「真珠湾攻撃総隊長の回想」講談社P375_376より。
淵田美津雄は米国伝道の途中、ニューヨークでマッカーサーに夕食を招待される。
そのときにマッカーサーが語った内容が記されている。
[以下は食事中、彼が私に語ったところを継ぎ合わせたのである。
彼は言った。
「占領軍最高司令官としてやったことは、すべてがよかったとは思っていない。恨まれていることもあろう。が、自分は日本を良くしたい気持をいつも念頭において、ワシントンをふりかえりつつ占領政策の遂行に当たってきたつもりである。
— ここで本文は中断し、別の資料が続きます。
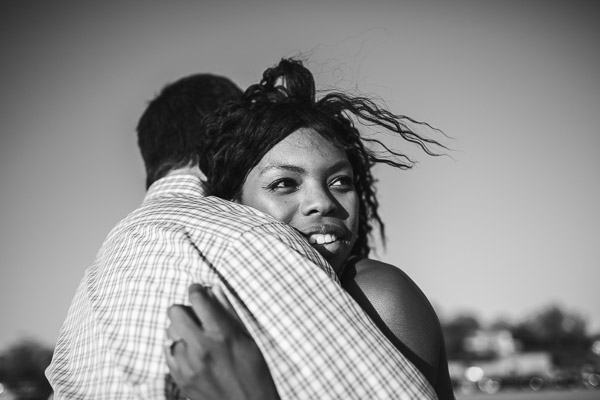 close-up side portrait of woman in embrace with her husband on the beach, black and white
昨年(一九五二年)のメーデー事件は、共産主義者の煽動が背景をなしていた以外に、青年たちの反米感情も働いていたとされている。占領政策の反動として、反米的な流れが起こったとすれば、自分は非常に不本意である。日本へ行ってなんとかしたい衝動に駆られる。
日本憲法に戦争放棄条項を付加させたことは、今にして考えれば、時期尚早であった。当時自分は原子爆弾の出現によって、将来の戦争は勝敗がつかないだろうと考えた。敵も味方もともに滅亡する。まったく人類の破滅でしかない。そのような見地から、世界は戦争放棄の段階に近づきつつあるとの感を抱いていた。
日本を軍事的に無力化する連合国の方針もあったし、また日本をして率先、世界に戦争放棄の範を垂れさせようとの意図もあった。
ところがその後の世界の客観情勢は戦争放棄どころか、力に対するには力のバランスで、やっと平和を保っている。かくて日本も自衛力が必要だというふうに、自分は再考を余儀なくせしめられたのであった」
以上が、日本占領の最高司令官を解職せしめられて、丸腰となった往年のマッカーサー元帥の述懐であった。]
マッカーサーにどんな思惑があったかは知る由もないが、こう語ったことは事実だろうとおもう。特に何か発見があるという会話内容ではないが、打ち解けた素直な意見のような気がする。